Introduction Maternal anti-SARS-CoV-2 Spike antibodies can cross the placenta during pregnancy, and neonates born to infected mothers have acquired antibodies at birth. Few studies reported data on the histopathological changes of the placenta during infection and placental infection. SARS-CoV-2 infection may cause impaired development of the placenta, thus predisposing maternal and fetal unfavorable outcomes. The prospective study aims to evaluate the risk of vertical transmission of SARS-CoV-2 and placental passage of anti-Spike antibodies as well as the impact of clinical severity on placental structures. Methods This is a prospective cohort study on 30 pregnant women infected by SARS-CoV-2 with their neonates. The demographic features and pregnancy outcomes were collected. Gross and microscopic examinations of the placentas were done. Maternal and umbilical cord sera were obtained at the time of delivery.

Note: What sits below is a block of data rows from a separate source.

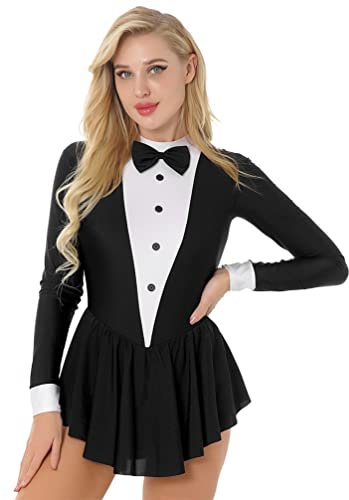 TiaoBug Damen Langarm Tanzkleid Anzug Sakko Smoking Oberteil und Mini Röckchen Innenslip Eiskunstlauf Kleider Tanzkostüm Schwarz M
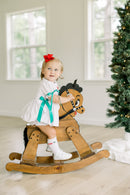PRE ORDER Girls Smocked and Beaded Bow-tiful Christmas Heirloom Bloomer Set & Dress | ETA to LBS: OCTOBER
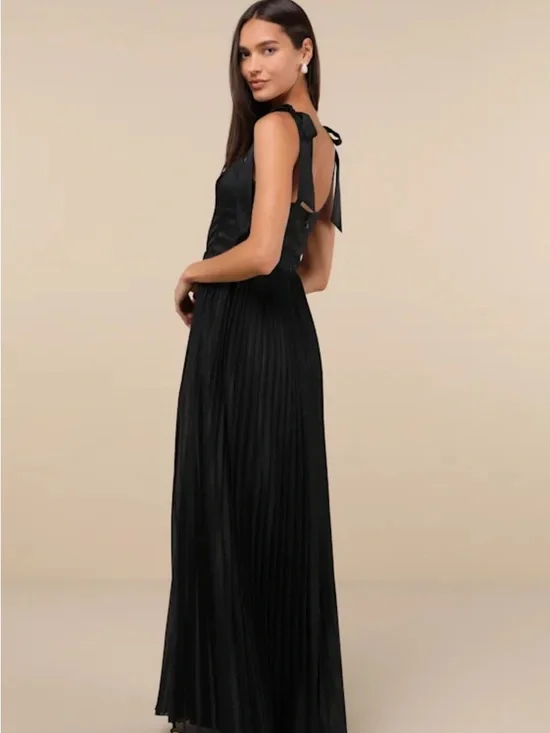 LuLu’s Black Maxi Bridesmaid Dress - Picture 3 of 5
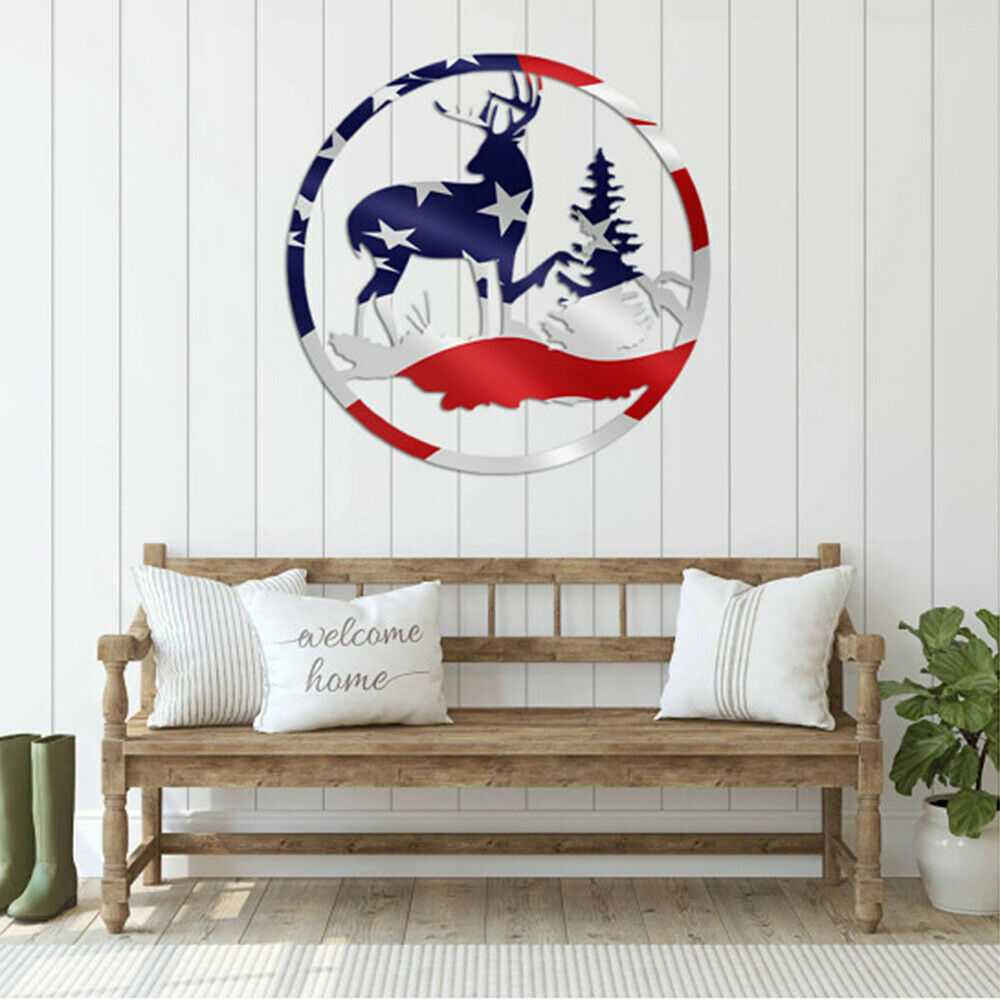 Christmas Deer Wall Hanging Metal Elk Ornament Round Indoor Art Home Xmas Decor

Nasopharyngeal swabs were collected from neonates immediately after birth. Results The concentrations of total anti-SARS-CoV-2 Spike antibodies were higher in pregnant women with moderate to severe/critical disease. The maternal total anti-SARS-CoV-2 Spike levels were correlated with those of neonatal levels. The rate of placental abnormalities is high in the mothers with severe disease, and those with positive anti-SARS-CoV-2 IgM. All neonates had negative nasopharyngeal swabs for SARS- CoV-2 infections and all placentas were negative in immunohistochemical staining for Spike protein. Discussion The maternally derived anti-SARS-CoV-2 Spike antibody can transmit to neonates born to infected mothers regardless of gestational age. Our results indicated that the disease severity is associated with ischemic placental pathology which may result in adverse pregnancy outcomes.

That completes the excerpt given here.